START Data to examine
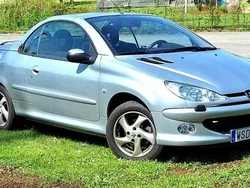 Grå Begagnad 2005 Peugeot 206 CC Cab | 35 000 kr (Marknadspris)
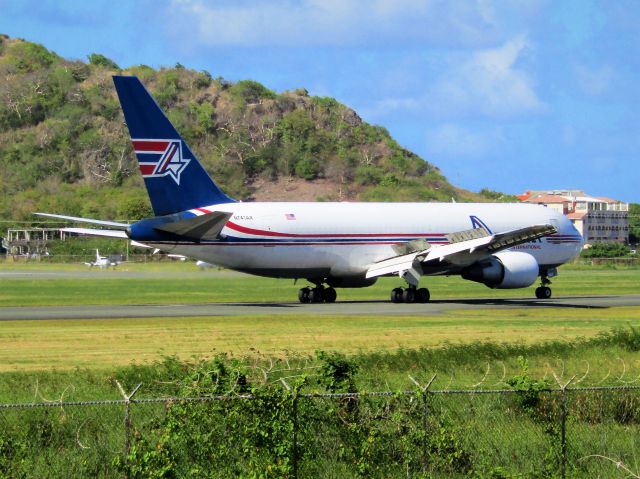 BOEING 767-300 (N741AX)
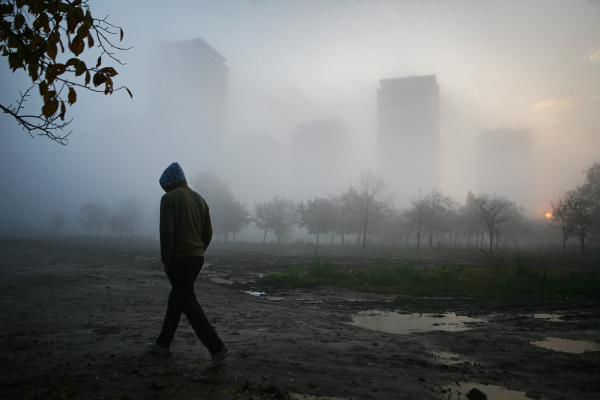 Astăzi, vremea nu se schimbă prea mult. Iarăşi, cerul va fi predominant noros, iar ploile vor fi la ordinea zilei. Acestea vor fi însă slabe, de scurtă durată.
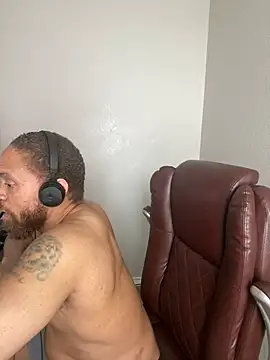 Fathero1time's Live XXX Chat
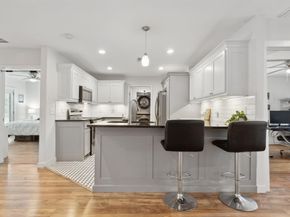 1142 W Clarendon Drive , Dallas Texas 75208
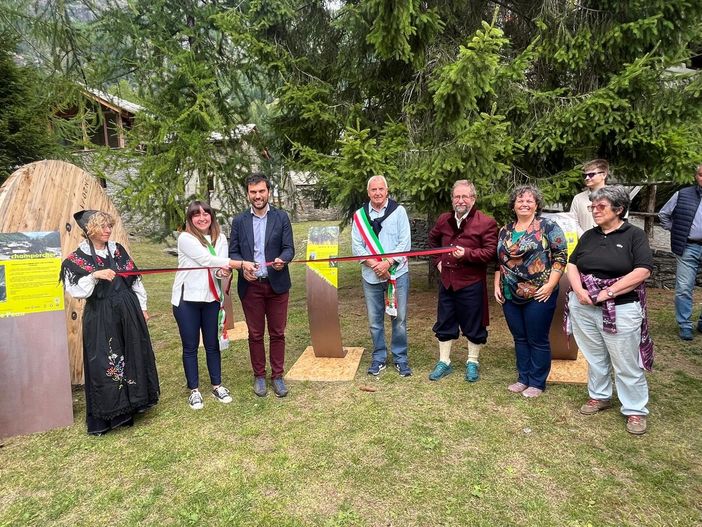 Al centro Alice Chanoux, Marco Carrel e Paolo Chanoux tagliano il nastro inaugurale del sentiero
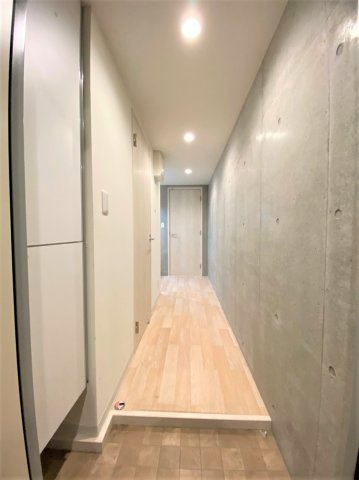 「防音マンション」ハーモニーグラシア大山の玄関|玄関から見た室内です。（※他部屋　参考写真）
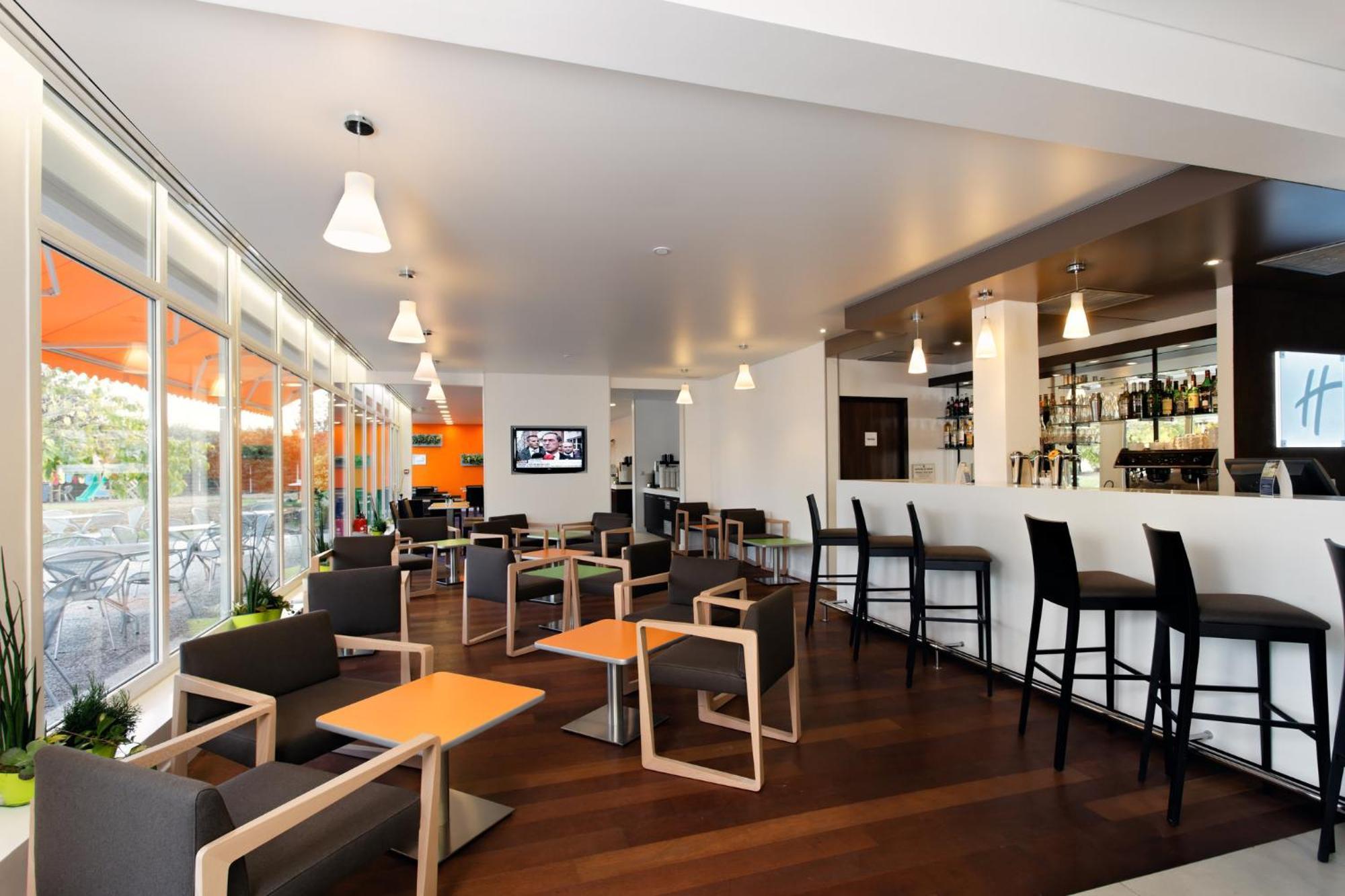 Holiday Inn Express Strasbourg - Sud By Ihg Geispolsheim Esterno foto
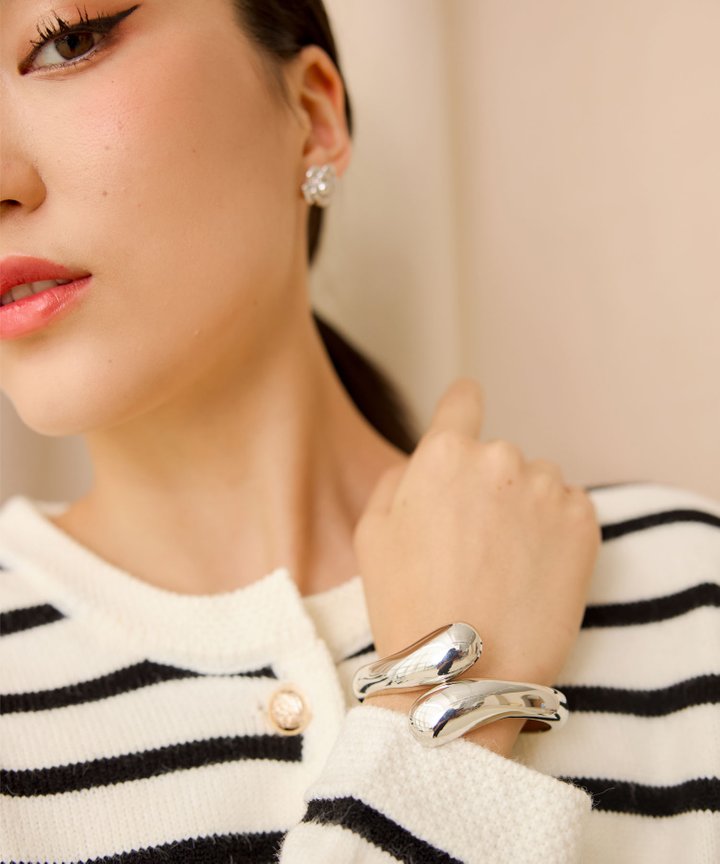 Amelina Cuff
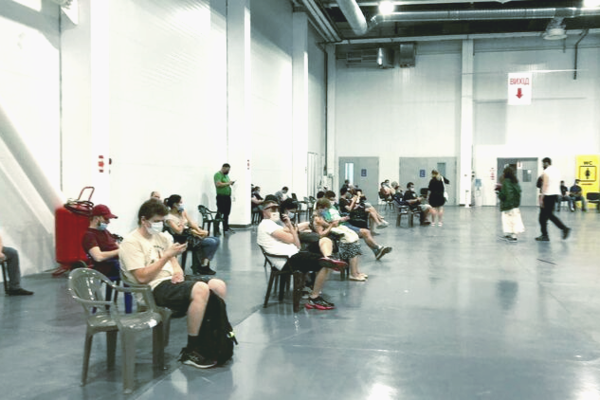 В Киеве рекордное число людей сделали прививки от COVID-19 в центре вакцинации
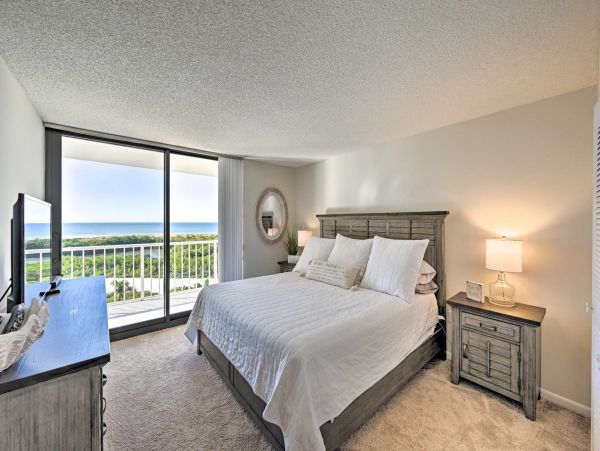 Enjoy a Top-Notch Beachfront Location at this 2 Bdrm Condo in Marco Island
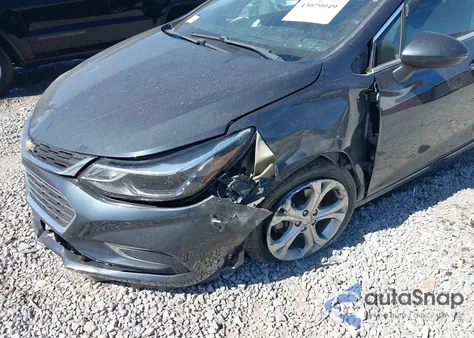 2017 Chevrolet Cruze Premier z USA, uszkodzony, nr VIN 3G1BF6SMXHS586052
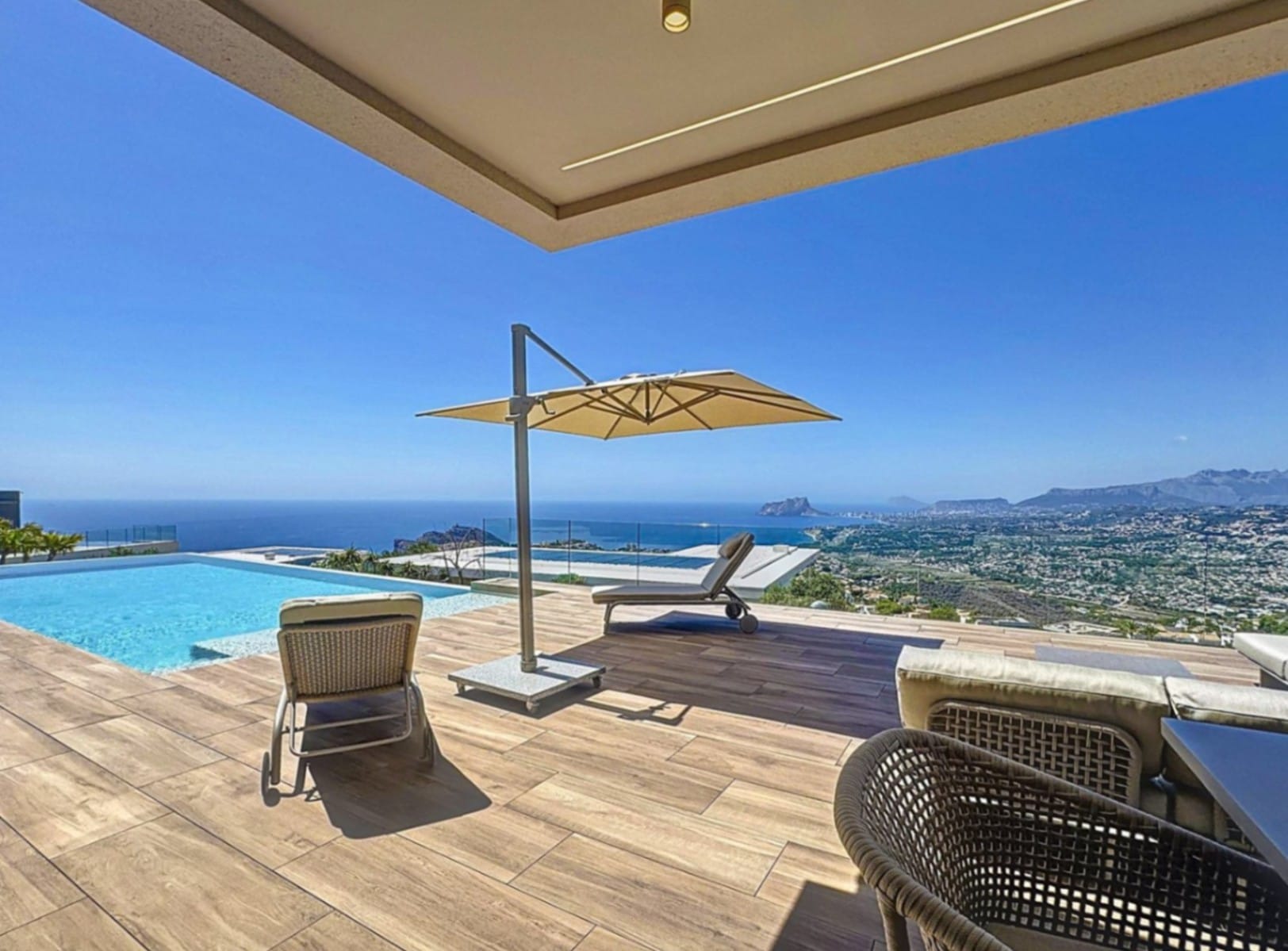Luxe villa in Moraira met panoramisch uitzicht op zee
END Data to examine
_What to work on:_ Without any pictures, please write out the lines from the one containing "2017 Chevrolet Cruze" through the final line of the data, exactly and inclusive of both ends.

_Written response:_
 2017 Chevrolet Cruze Premier z USA, uszkodzony, nr VIN 3G1BF6SMXHS586052
Luxe villa in Moraira met panoramisch uitzicht op zee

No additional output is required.